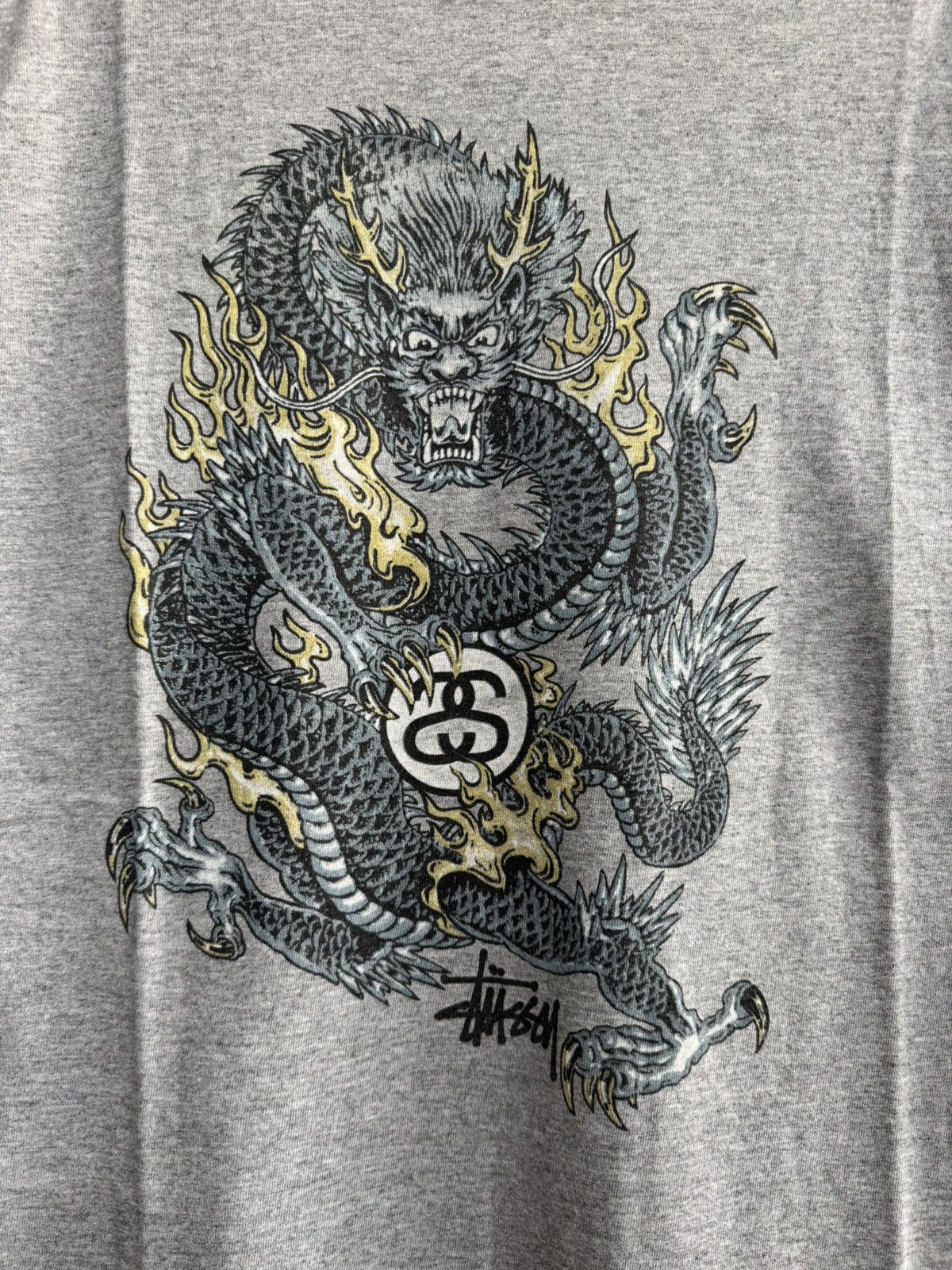 VINTAGE 90S STUSSY DRAGON GREY TEES 🐲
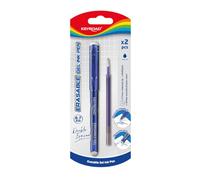 Keyroad Stylo à bille effaçable 0,7 mm avec mines de rechange, sous blister, bleu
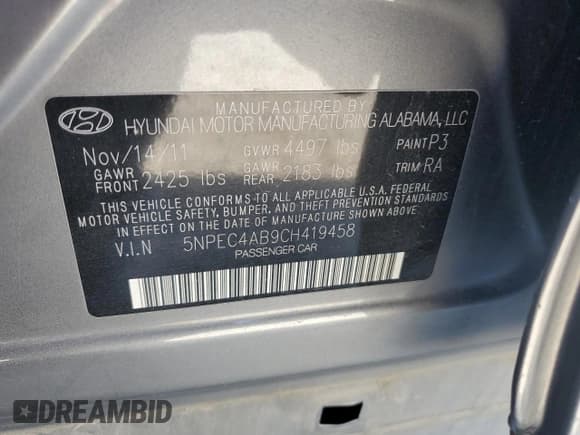 ✅ 2012 Hyundai Sonata Limited • VIN: 5NPEC4AB9CH419458 • Lot: 72440094. Wystawiony na Copart z przebiegiem 106 359 mil. Bezpłatny archiwum sprzedaży aukcyjnych z USA i szczegółowy raport historii pojazdu na DreamBid. Zdjęcie 13.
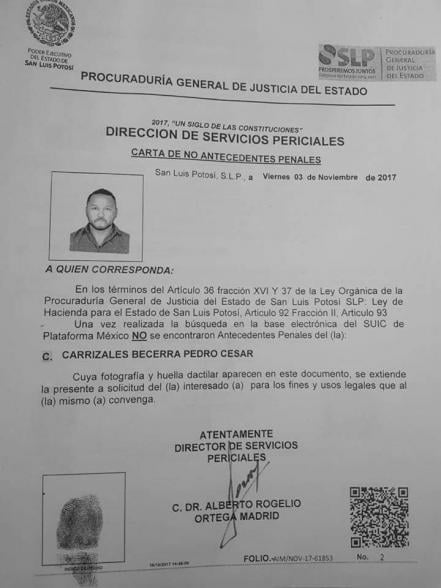 Publican carta de no antecedentes penales de Pedro Carrizales “El Mijis”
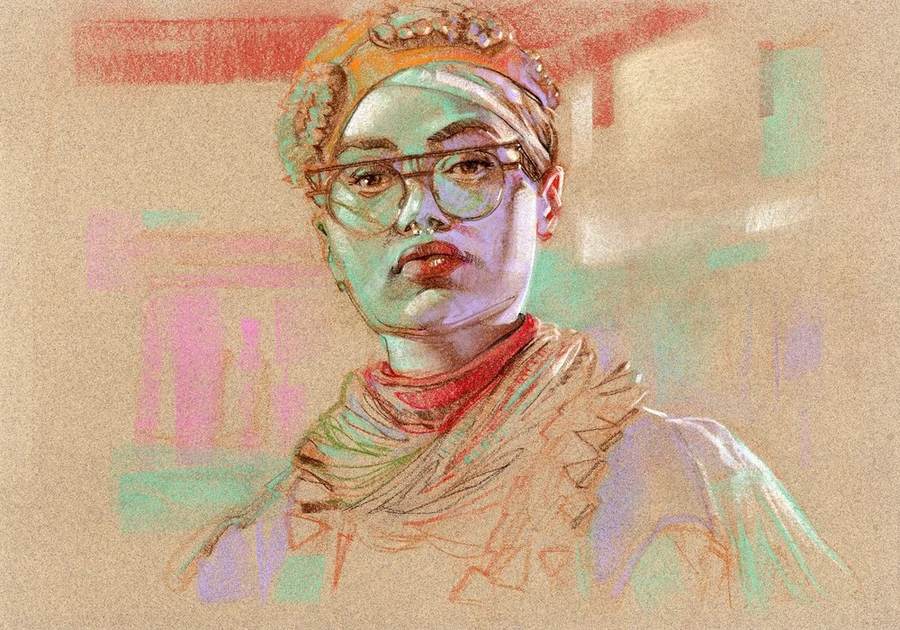 Estudo de sketchbook: retrato feminino em pastel colorido sobre papel tonalizado.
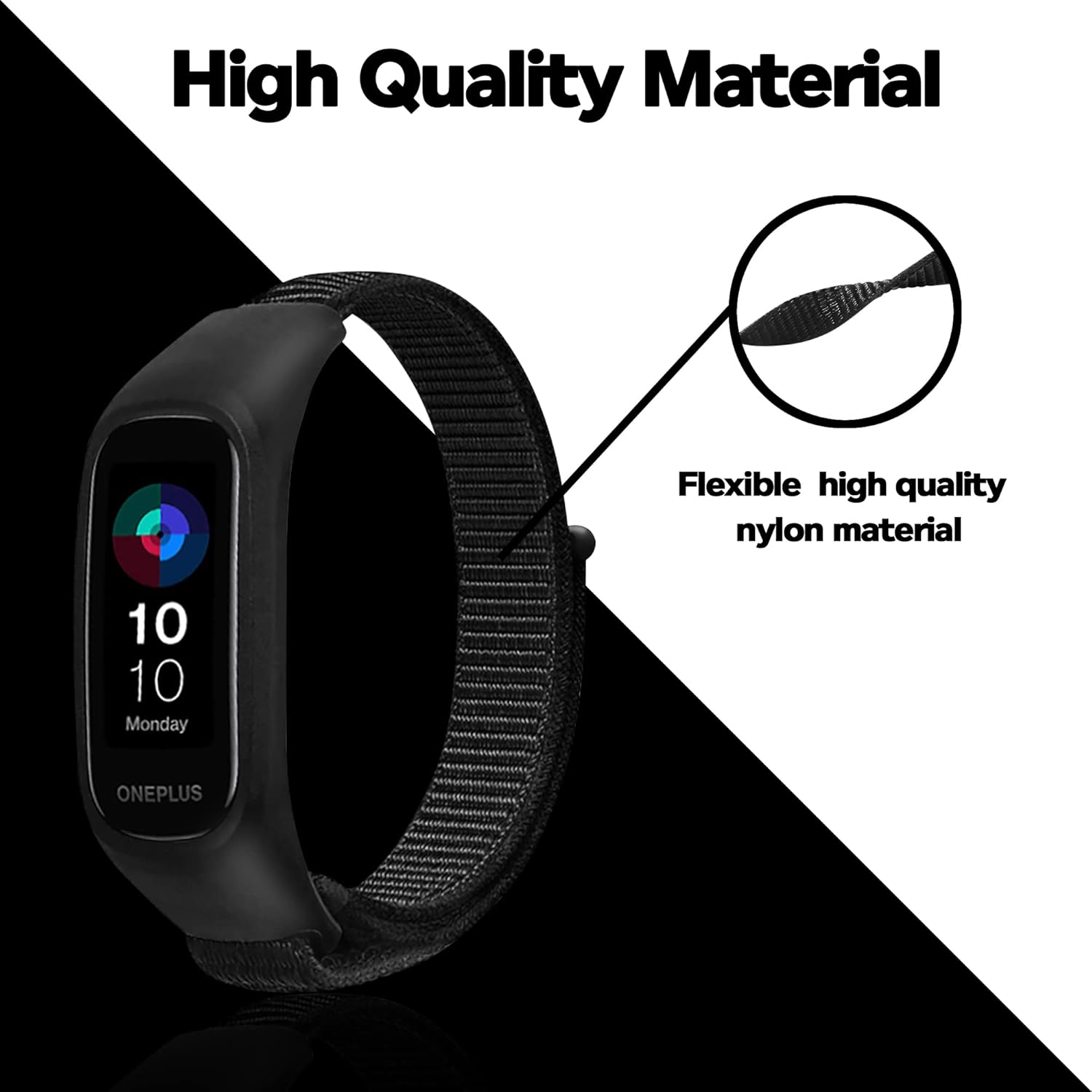 Sounce Black Nylon Adjustable Band Strap Compatible for Oneplus Smart Band & Oppo Smart Band
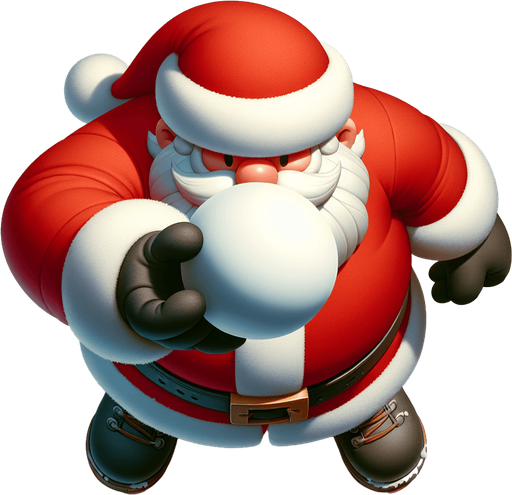 Santa gearing up to throw a snowball, viewed from above and facing forward Single Game Texture. In-Game asset. 2d. Blank background. High contrast. No shadows.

##########

• [Your objective] From the first line to the last, print the records exactly; leave out the pictures.

• [Result of this exercise]
 VINTAGE 90S STUSSY DRAGON GREY TEES 🐲
 Keyroad Stylo à bille effaçable 0,7 mm avec mines de rechange, sous blister, bleu
 ✅ 2012 Hyundai Sonata Limited • VIN: 5NPEC4AB9CH419458 • Lot: 72440094. Wystawiony na Copart z przebiegiem 106 359 mil. Bezpłatny archiwum sprzedaży aukcyjnych z USA i szczegółowy raport historii pojazdu na DreamBid. Zdjęcie 13.
 Publican carta de no antecedentes penales de Pedro Carrizales “El Mijis”
 Estudo de sketchbook: retrato feminino em pastel colorido sobre papel tonalizado.
 Sounce Black Nylon Adjustable Band Strap Compatible for Oneplus Smart Band & Oppo Smart Band
 Santa gearing up to throw a snowball, viewed from above and facing forward Single Game Texture. In-Game asset. 2d. Blank background. High contrast. No shadows.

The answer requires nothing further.